В в вошку простым глазом вввидно, а микроба иди рассмотри!
А он, зараза, всякую холеру разводит!
Нет, все-таки Ленька недаром так долго учился И цифры он умел читать.
Четыреста пятьдесят разобрал он на бумажке.
Много? не понял я.
Ееесли копить по рублю в день ппполучится четыреста пятьдесят дней
А если по два?..
Умножить на два Или ррразделить? задумался Ленька.
Так давай прямо сегодня и начнем! предложил я.
Вечером я принес ему первую монетку.
Три копейки?.. скривился Ленька. Так мы до морковного заговненья копить будем
Я не стал спрашивать, когда это заговненье настанет и принес еще монетку.
Пятнадцать? Ленька горестно покачал головой. Бумажные нужны!
Мне шел восьмой год, и я знал только, что рубль это бумажка с шахтером. Была еще бумажка с красноармейцем А вот в маминой сумке лежали деньги с летчиками. Сегодня пришел перевод от папы. Мама с хрустом разорвала цветную полоску и бросила пухлую пачку в сумку. Дядя Сюня мгновенно выдал нужный расчет:
Тридцать три поллитры!
Аид а шикер! обидела его тетка Рейзл. Батрак!

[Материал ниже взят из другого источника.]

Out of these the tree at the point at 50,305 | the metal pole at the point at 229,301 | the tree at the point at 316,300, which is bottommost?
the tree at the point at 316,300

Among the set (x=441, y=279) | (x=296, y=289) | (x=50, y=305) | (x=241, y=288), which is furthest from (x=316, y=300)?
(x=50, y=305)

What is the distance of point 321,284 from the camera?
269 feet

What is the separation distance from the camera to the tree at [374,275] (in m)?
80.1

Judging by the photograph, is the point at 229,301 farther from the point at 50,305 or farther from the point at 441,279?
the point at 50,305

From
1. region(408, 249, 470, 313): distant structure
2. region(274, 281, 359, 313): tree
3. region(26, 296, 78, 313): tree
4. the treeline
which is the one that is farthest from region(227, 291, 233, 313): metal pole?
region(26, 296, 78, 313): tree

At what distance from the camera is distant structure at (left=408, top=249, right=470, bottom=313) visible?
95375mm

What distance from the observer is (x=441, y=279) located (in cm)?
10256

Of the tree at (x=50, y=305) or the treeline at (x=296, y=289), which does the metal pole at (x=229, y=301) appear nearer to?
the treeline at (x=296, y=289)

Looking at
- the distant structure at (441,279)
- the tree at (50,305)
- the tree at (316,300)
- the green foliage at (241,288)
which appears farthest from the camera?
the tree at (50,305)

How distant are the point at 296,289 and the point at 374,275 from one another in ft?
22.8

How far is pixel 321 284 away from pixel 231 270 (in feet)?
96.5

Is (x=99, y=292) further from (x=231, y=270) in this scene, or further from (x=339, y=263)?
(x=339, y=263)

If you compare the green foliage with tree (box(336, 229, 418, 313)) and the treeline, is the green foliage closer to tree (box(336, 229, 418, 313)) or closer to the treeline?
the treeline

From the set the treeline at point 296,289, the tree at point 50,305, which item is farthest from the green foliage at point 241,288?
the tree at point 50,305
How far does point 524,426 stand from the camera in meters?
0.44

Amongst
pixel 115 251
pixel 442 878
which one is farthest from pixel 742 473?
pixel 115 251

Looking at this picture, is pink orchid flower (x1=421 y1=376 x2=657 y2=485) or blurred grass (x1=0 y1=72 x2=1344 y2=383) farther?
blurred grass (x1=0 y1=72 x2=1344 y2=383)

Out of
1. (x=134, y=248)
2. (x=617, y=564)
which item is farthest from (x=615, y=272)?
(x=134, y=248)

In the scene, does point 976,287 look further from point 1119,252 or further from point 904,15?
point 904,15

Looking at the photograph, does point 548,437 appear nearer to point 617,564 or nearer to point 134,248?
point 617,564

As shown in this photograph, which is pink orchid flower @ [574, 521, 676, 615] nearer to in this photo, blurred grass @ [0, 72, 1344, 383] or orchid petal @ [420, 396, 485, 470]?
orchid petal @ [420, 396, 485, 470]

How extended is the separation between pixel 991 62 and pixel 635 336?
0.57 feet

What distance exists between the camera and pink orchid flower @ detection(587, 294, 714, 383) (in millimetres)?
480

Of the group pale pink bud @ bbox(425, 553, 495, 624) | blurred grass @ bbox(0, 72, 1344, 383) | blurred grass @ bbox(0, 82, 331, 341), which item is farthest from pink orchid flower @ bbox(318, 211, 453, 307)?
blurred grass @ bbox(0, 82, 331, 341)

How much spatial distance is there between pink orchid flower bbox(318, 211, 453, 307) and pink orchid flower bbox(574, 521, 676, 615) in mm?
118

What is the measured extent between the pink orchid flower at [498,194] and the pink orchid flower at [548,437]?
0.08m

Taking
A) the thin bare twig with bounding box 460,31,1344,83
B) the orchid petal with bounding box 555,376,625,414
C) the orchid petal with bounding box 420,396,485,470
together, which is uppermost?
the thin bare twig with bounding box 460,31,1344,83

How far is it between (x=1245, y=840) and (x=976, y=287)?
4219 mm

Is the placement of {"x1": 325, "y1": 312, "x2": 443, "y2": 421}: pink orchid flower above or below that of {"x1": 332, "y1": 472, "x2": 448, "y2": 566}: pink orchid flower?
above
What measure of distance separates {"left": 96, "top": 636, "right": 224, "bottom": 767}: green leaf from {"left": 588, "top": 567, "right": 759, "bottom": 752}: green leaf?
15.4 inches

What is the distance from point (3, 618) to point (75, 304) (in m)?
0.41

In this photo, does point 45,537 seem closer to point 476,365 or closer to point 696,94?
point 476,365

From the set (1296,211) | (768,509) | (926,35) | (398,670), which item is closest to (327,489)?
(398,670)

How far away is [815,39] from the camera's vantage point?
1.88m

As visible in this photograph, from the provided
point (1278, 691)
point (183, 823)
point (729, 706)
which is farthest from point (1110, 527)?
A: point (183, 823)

Я принес Леньке двух «летчиков».
Ага! обрадовался он. Другое дело!
Хватит? с надеждой спросил я.
Ттты что! Это ж всего десятка!..
Я еще три или четыре раза заглянул в сумку.
Не заметят? беспокоился Ленька.
Не Там еще много
Утром оказалось, что я перестарался.
Как? Как ты мог? не могла успокоиться мама. Разве ты видел, чтобы кто-нибудь из нас взял хоть соринку чужого? Разве тебя кто-нибудь учил воровать?..
Не-е не учил канючил я.
Зачем же ты залез в сумку? Зачем взял деньги? Пятьсот рублей!
Неча-а-янно проблеял я.
Тридцать три поллитры! уточнил сумасшедший Сюня.

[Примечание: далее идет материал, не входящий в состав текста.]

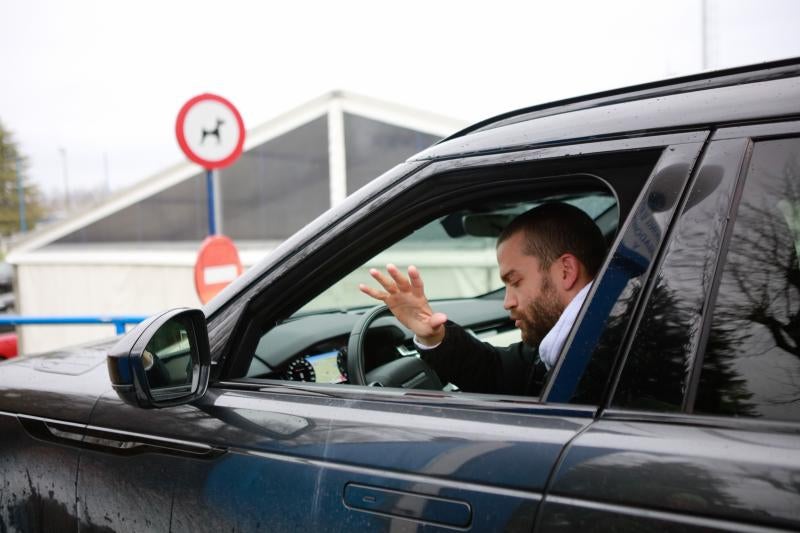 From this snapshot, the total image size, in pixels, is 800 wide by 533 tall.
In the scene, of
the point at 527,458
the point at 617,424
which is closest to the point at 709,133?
the point at 617,424

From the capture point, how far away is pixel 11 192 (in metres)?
58.5

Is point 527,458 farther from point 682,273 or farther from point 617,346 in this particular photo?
point 682,273

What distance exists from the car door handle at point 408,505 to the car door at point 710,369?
146 mm

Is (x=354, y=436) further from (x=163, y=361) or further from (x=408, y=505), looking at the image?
(x=163, y=361)

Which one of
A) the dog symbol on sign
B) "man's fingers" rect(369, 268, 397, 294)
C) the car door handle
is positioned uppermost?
the dog symbol on sign

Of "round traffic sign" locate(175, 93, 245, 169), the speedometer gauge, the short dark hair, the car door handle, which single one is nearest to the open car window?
the speedometer gauge

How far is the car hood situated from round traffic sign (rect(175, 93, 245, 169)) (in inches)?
150

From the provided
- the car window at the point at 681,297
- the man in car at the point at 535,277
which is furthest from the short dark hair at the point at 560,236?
the car window at the point at 681,297

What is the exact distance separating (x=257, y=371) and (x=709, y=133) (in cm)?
126

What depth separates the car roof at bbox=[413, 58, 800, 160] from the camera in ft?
3.69

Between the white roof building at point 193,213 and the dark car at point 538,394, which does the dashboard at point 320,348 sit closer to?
the dark car at point 538,394

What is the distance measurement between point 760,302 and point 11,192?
67838mm

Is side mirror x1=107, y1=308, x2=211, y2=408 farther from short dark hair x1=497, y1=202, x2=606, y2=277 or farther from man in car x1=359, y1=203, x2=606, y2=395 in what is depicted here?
short dark hair x1=497, y1=202, x2=606, y2=277

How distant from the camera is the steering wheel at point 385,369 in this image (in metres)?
1.84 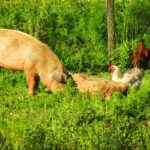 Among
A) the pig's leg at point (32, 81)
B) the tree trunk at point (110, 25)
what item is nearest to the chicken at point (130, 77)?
the pig's leg at point (32, 81)

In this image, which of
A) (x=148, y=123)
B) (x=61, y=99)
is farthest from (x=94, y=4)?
(x=148, y=123)

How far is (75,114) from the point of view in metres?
7.22

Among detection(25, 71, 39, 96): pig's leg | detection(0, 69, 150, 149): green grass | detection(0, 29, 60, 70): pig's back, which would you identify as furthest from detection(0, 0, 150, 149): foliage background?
detection(0, 29, 60, 70): pig's back

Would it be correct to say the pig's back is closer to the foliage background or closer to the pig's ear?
the pig's ear

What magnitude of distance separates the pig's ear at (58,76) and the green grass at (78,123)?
18.0 inches

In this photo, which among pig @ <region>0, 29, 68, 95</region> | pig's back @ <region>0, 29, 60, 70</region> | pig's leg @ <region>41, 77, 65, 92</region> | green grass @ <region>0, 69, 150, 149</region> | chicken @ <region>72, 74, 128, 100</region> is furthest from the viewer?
pig's back @ <region>0, 29, 60, 70</region>

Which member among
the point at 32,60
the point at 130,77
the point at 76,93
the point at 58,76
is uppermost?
the point at 32,60

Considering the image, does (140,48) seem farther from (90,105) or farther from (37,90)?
(90,105)

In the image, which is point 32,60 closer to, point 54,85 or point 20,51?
point 20,51

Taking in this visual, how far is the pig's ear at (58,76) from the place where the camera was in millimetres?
9172

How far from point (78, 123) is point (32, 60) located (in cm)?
238

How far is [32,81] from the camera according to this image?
375 inches

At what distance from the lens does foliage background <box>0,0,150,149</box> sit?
21.8ft

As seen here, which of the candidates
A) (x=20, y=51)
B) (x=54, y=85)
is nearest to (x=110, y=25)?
(x=20, y=51) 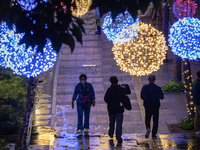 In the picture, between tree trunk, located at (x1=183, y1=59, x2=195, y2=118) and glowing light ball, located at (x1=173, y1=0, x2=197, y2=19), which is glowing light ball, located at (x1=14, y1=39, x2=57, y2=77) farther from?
tree trunk, located at (x1=183, y1=59, x2=195, y2=118)

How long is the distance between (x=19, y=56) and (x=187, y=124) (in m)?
4.88

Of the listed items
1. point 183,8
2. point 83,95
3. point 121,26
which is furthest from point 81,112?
point 183,8

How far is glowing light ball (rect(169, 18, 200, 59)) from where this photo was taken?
794cm

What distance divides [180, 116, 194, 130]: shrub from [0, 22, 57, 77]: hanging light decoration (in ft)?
13.7

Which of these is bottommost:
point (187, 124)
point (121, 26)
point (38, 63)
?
point (187, 124)

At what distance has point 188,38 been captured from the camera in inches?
313

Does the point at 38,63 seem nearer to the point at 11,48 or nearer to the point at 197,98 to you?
the point at 11,48

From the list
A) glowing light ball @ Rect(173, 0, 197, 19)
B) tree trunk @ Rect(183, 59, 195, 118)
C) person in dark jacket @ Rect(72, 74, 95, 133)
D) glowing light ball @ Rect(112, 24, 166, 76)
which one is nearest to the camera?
person in dark jacket @ Rect(72, 74, 95, 133)

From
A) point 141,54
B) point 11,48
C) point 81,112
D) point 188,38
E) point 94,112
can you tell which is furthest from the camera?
point 94,112

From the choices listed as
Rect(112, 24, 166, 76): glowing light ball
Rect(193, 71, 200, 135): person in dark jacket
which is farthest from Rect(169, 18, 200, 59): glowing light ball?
Rect(112, 24, 166, 76): glowing light ball

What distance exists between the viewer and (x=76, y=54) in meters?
16.4

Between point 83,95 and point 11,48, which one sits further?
point 83,95

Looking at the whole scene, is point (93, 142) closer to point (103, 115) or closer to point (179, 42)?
point (103, 115)

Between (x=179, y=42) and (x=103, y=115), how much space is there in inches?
135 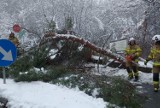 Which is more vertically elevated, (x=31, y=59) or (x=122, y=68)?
(x=31, y=59)

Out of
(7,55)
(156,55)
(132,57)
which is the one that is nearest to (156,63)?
(156,55)

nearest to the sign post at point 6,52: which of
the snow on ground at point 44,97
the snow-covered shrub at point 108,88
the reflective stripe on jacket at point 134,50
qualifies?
the snow on ground at point 44,97

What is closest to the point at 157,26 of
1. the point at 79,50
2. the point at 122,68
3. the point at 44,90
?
the point at 122,68

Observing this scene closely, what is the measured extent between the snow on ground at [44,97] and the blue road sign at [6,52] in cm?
75

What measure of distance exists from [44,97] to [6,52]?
6.31 feet

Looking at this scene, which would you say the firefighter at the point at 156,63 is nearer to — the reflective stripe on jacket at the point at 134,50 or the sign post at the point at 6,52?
the reflective stripe on jacket at the point at 134,50

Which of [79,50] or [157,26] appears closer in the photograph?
[79,50]

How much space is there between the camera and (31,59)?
11.6 meters

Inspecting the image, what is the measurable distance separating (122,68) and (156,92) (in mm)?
4202

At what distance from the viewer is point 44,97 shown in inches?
333

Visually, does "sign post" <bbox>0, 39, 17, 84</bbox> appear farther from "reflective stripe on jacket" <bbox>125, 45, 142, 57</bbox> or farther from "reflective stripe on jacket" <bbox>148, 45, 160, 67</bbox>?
"reflective stripe on jacket" <bbox>125, 45, 142, 57</bbox>

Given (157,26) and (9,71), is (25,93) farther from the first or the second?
Answer: (157,26)

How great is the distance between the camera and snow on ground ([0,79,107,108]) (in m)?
7.85

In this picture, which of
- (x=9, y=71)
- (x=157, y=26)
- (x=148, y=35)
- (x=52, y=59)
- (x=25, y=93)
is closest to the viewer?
(x=25, y=93) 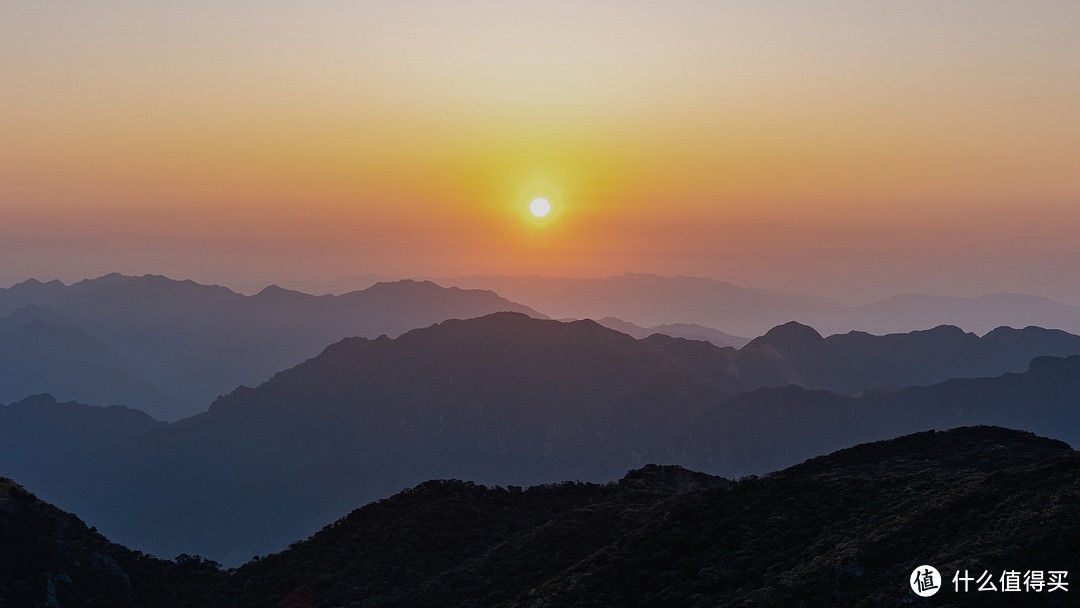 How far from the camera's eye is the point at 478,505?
97.9m

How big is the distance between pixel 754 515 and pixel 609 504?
27.9 meters

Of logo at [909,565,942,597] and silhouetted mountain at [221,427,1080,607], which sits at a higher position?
silhouetted mountain at [221,427,1080,607]

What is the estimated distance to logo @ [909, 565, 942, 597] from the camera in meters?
40.2

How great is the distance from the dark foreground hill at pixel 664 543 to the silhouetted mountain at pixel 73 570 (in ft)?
0.59

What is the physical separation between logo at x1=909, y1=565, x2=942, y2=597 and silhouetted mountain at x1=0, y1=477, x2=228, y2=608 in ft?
207

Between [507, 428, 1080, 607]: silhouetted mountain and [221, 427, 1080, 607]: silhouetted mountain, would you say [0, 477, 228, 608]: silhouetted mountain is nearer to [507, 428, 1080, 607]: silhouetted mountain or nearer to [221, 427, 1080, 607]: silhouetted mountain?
[221, 427, 1080, 607]: silhouetted mountain

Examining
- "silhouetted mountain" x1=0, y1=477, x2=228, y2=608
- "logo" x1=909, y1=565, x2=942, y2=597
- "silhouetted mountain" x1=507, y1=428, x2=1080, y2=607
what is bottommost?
"logo" x1=909, y1=565, x2=942, y2=597

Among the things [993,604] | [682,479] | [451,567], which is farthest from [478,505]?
[993,604]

Вей так гитлер им пунем! сказала свое слово бабушка..
Бабушка! поправила ее Жанна. Это не Гитлер, это Илюшка деньги стырил!
Нехай!..
Абизоим!.. твердила свое Рейзл.
А ты помнишь значение этого слова? нарисовался в иллюминаторе пророк.
По-моему, «стыдно»
Стыд это наша совесть Он оставляет зарубки в душе. Болит, как рана. И заставляет вести себя достойно. Чтобы не было стыдно перед Богом!
А если мне стыдно перед самим собой?
Покайся! И запомни наше древнее слово «тшува»!.. Вот что говорит тебе пророк Амос!
А четыре кусочка сахара? ни с того, ни с сего спросил я.
Тшува! ответил пророк.
Я открыл глаза. На табло горела надпись на иврите. Наверное, «Пристегнуть ремни!».
За стеклом иллюминатора никого не было. Только таяло туманное пятно, словно от чужого дыхания. А внизу плыло красное море черепичных крыш. Самолет садился в аэропорту Тель-Авива. Начинался Израиль. И на душу мою снова нисходил покой.
Глава вторая
Я был гостем двоюродного брата Бориса. Теперь он звался Борухом и был вполне преуспевающим гражданином своей страны. И он, и его жена Рита приняли меня как родного. Они сделали все, чтобы я мог увидеть и принять в свое сердце Эрец-Исраэль.
Мы побывали на холме, где наш предок Авраам заключил союз с местным царем Авимелехом и получил разрешение пасти свои стада на этой земле.
Борух свозил меня на Мертвое море и в древнюю крепость Моссаду. А потом пришла очередь Иерусалима.
Помню, мы поднимались по склону холма, поросшего редким лесом, и Борух вглядывался в просветы между деревьями.
Где-то здесь бормотал он, притормаживая. Дорога-то одна Только дальше придется пешком
Мы оставили машину и побрели наверх.
И почти сразу же открылись верхушка холма и два серых надгробия.
Смеркалось в ноябре рано, и я сомневался в чувствительности моей пленки.
А все-таки попробуй! попросил я брата. Только захвати обе могилы!..
Пока Борух прицеливался, я собрал горсть камней и разложил их по краям плит.
Я уже привык к этому ритуалу поминовения и даже находил в нем ощущение некоей родовой сопричастности
Щелкнул затвор, сработала вспышка.
Сумерки стали гуще, зато как будто посветлел камень надгробий.
Ну, скажи, спросил я Боруха, откуда известно, что здесь лежат Самсон и его отец? Есть какие-то свидетельства? Документы? Раскопки?